### SOURCE INFORMATION
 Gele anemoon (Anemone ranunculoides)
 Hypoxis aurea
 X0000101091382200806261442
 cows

--

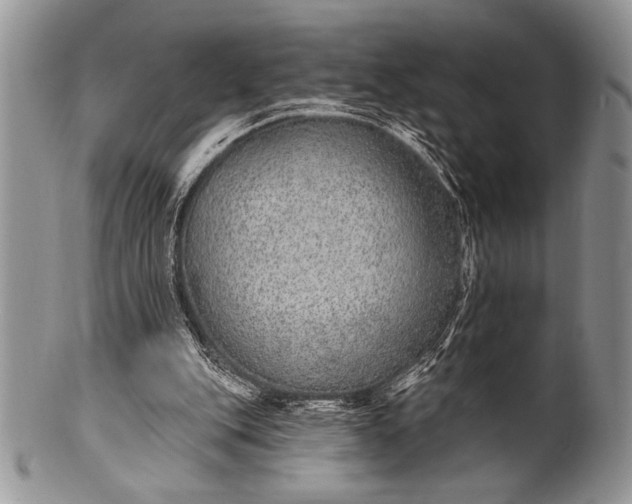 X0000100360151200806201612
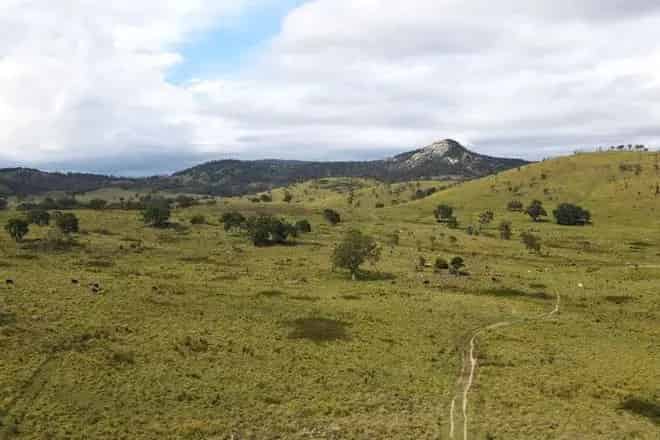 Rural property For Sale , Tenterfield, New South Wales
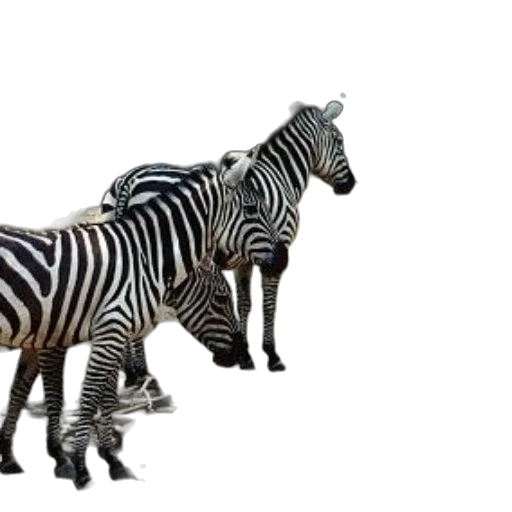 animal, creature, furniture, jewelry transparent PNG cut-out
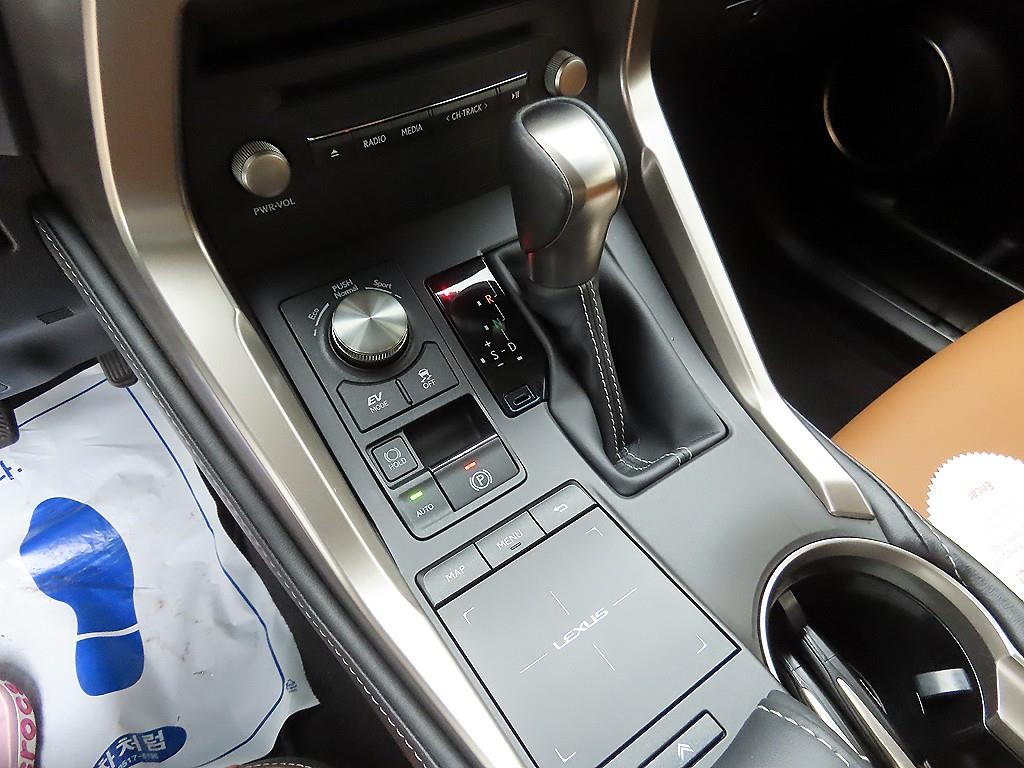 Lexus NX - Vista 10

### TASK ITEM
Reproduce the records above exactly, but only from the line with "animal, creature, furniture, jewelry" up to and including the line with "Lexus NX - Vista 10". Leave the pictures out.

### RESPONSE AREA
 animal, creature, furniture, jewelry transparent PNG cut-out
 Lexus NX - Vista 10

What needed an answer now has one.